Just two months after the launch of Gemini, the large-scale language model that Google hopes will take it to the top of the AI industry, the company has already announced its successor. Google today released Gemini 1.5, making it available to developers and enterprise users ahead of a full public rollout coming soon. The company has made it clear that it's fully committed to Gemini as a business tool, personal assistant, and everything in between, and it's moving hard on its plans.
Gemini 1.5 has many improvements. The general-purpose model of Google's system, the Gemini 1.5 Pro, is clearly on par with the company's recently launched high-end Gemini Ultra, and outperforms the Gemini 1.0 Pro by 87%. A look at the benchmark test. It is created using an increasingly popular technique known as “Mixture of Experts” (MoE). This means that instead of always processing the entire model when you submit a query, it only executes parts of the entire model. (Here's a nice explanation on the subject.) This approach should make the model faster to use, and Google should also run more efficiently.
But there's one new thing about Gemini 1.5 that has CEO Sundar Pichai and the entire company particularly excited. Gemini 1.5 has a huge context window, which means you can handle much larger queries and see more information at once. That window is a whopping 1 million tokens compared to OpenAI's GPT-4's 128,000 tokens and Gemini Pro's current 32,000 tokens. Tokens are a difficult metric to understand (here's a detailed breakdown), so Pichai simplified it by saying, “It's about 10-11 hours of video, tens of thousands of lines of code.” Context windows mean you can ask the AI bot questions about all your content at once.
(Pichai also said that Google researchers are testing a 10 million token context window, which is like a series of token context windows. game of thrones All at once. )
While explaining this to me, Pichai bluntly pointed out that the whole thing can be applied. Lord of the Ring Displays the trilogy in the context window. This seemed too specific so I asked him. This is already happening, right? Someone at Google will check to see if Gemini has spotted any continuity errors, tries to understand the complex genealogy of Middle-earth, and finally wonders if the AI will be able to figure out the meaning of Tom's Bombadil. I'm currently checking. “I'm sure it happened,” Pichai says with a laugh. “Or it's going to happen, one of two things.”

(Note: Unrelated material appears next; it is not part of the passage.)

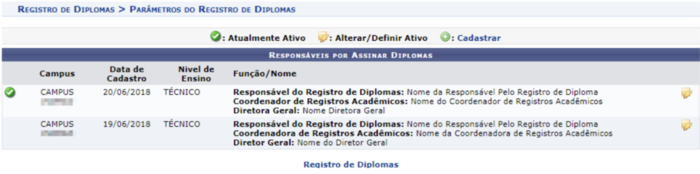 SIGAA-Diplomas-8ListarAlterarASsinaturas.png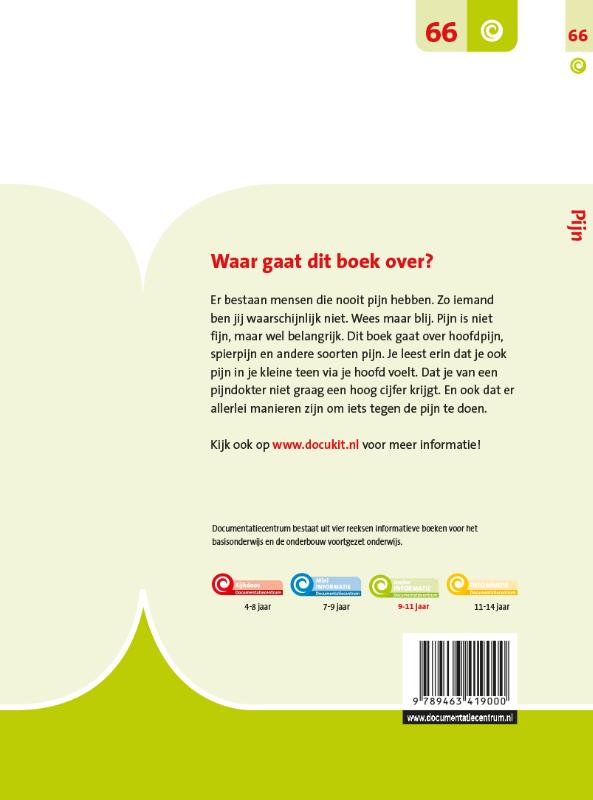 Achterkant van Pijn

Pichai also believes that expanding the context window can be very helpful for businesses. “This enables use cases where you can add a lot of personal context and information at the moment of the query,” he says. “Think of how the query window has expanded dramatically.” He imagines that filmmakers might upload entire films and ask Gemini for their critics' opinions. He sees companies using Gemini to examine large amounts of financial records. “I think this is one of the great advances we've made,” he says.
At this time, Gemini 1.5 is only available to business users and developers through Google's Vertex AI and AI Studio. Eventually it will be replaced by Gemini 1.0, and the standard version of Gemini Pro (the version available to everyone on gemini.google.com and the company's apps) will be 1.5 Pro with a 128,000 token context window. You will need to pay an additional fee to reach 1 million. Google is also testing the safety and ethical boundaries of the model, especially with regard to the new and larger context window.
As companies around the world seek to find their own AI strategies, Google is currently in a fierce competition to build the best AI tools and has no plans to sign developer agreements with OpenAI, Google, or other companies. I'm considering whether or not I should tie it. Just this week, OpenAI announced his ChatGPT “memory” and appears to be preparing for a foray into web search. So far, Gemini looks impressive, especially for those already in Google's ecosystem, but there's a lot of work left to do on all fronts.
Ultimately, Pichai tells me, these 1.0 vs. 1.5, pro vs. ultra, and corporate battles will matter less to users. “People will just consume the experience,” he says. “It's like using a smartphone without constantly paying attention to the processor underneath it.” But for now, everyone should be aware of the chip inside their phone because it matters. He says he's at the stage of knowing. “The underlying technology is changing very rapidly,” he says. “People care.”